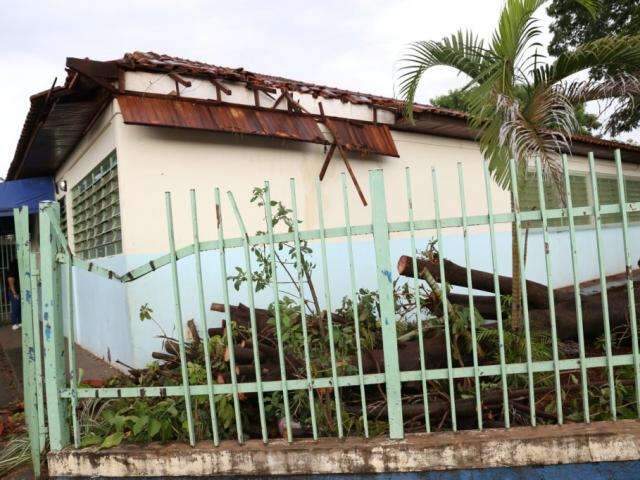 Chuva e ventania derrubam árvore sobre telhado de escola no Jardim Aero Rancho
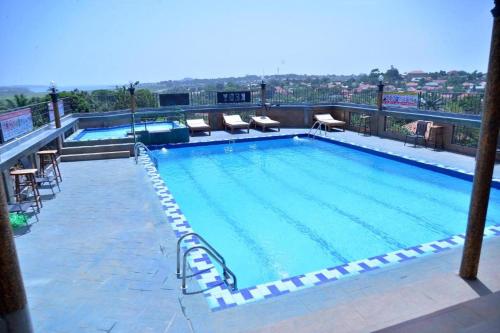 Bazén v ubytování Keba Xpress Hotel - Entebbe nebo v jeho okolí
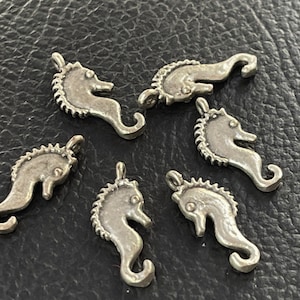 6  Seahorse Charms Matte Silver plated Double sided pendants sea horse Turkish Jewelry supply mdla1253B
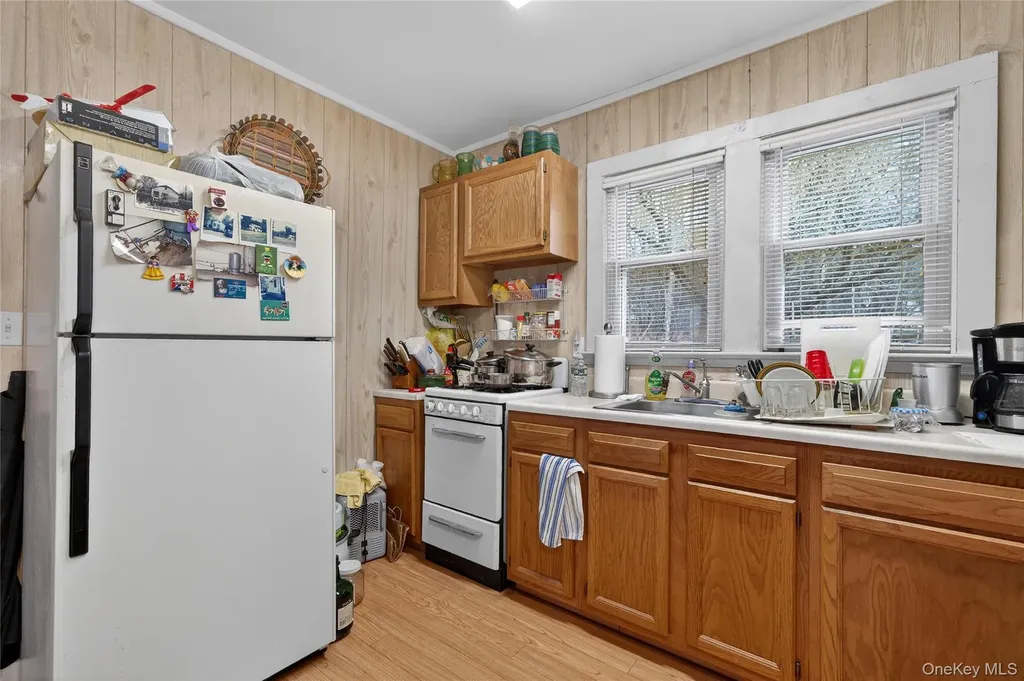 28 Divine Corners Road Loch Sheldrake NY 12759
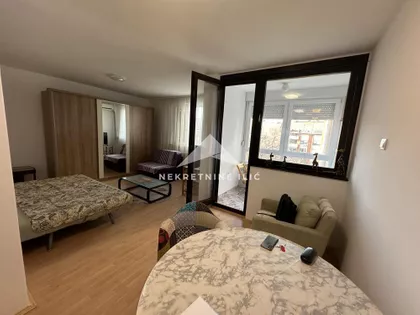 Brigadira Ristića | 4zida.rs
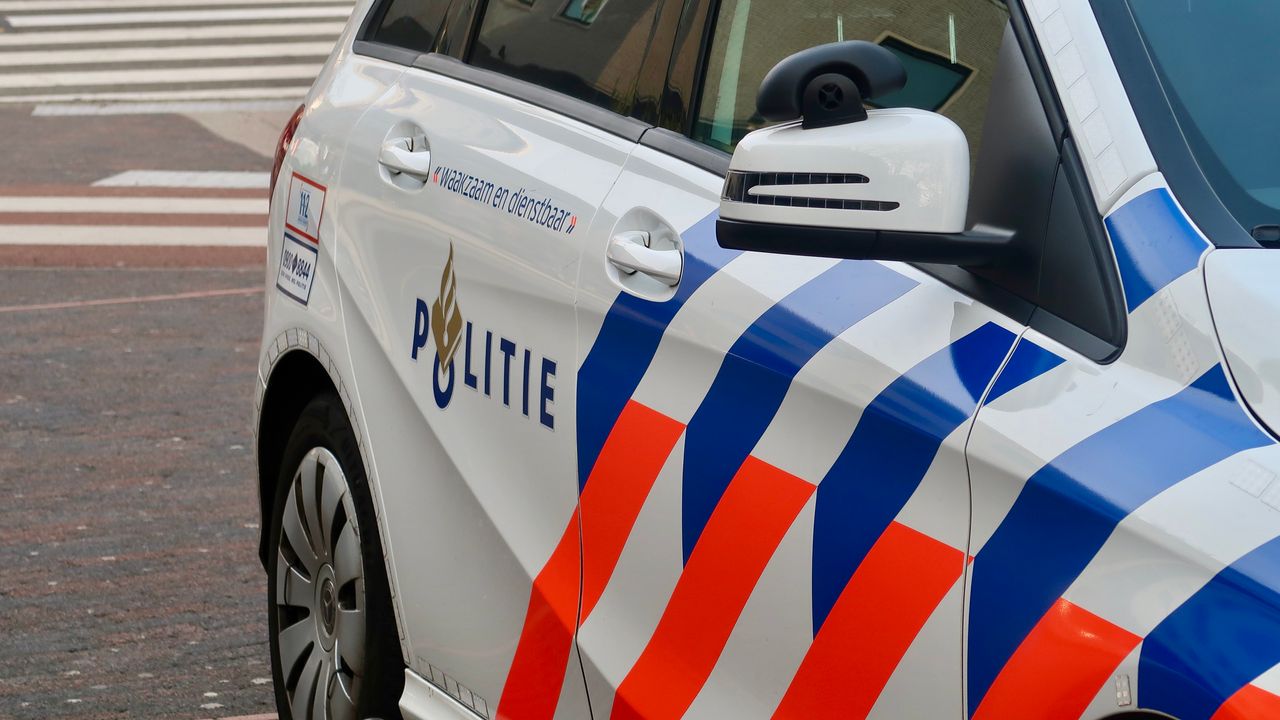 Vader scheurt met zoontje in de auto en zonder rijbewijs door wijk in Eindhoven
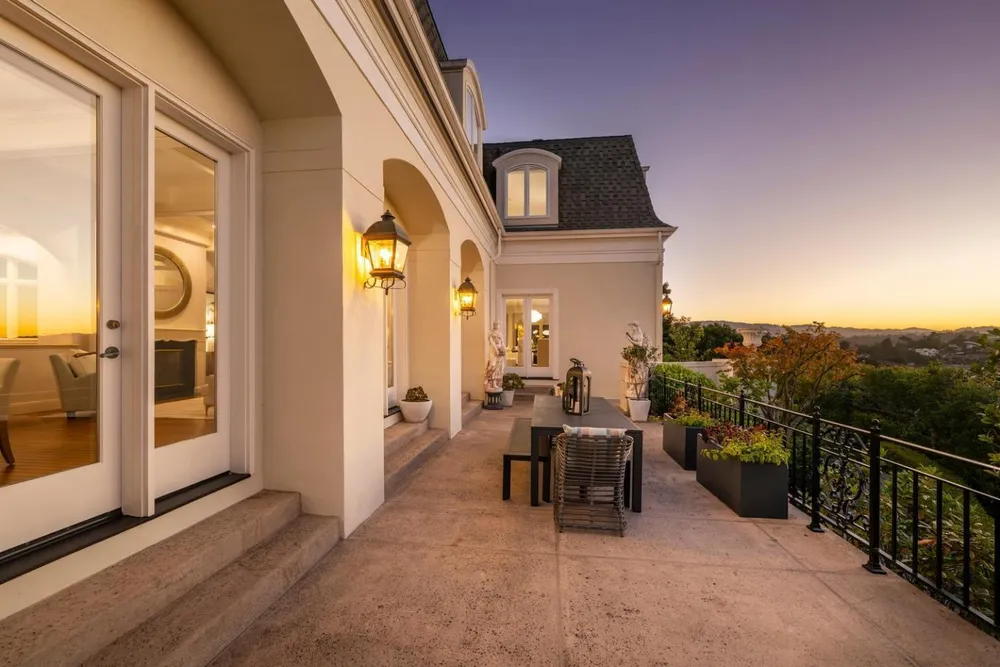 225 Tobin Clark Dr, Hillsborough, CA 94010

--------

Copy exactly the lines from the line that holds "Vader scheurt met" to the end of the listing, both included. Leave the pictures out.

 Vader scheurt met zoontje in de auto en zonder rijbewijs door wijk in Eindhoven
 225 Tobin Clark Dr, Hillsborough, CA 94010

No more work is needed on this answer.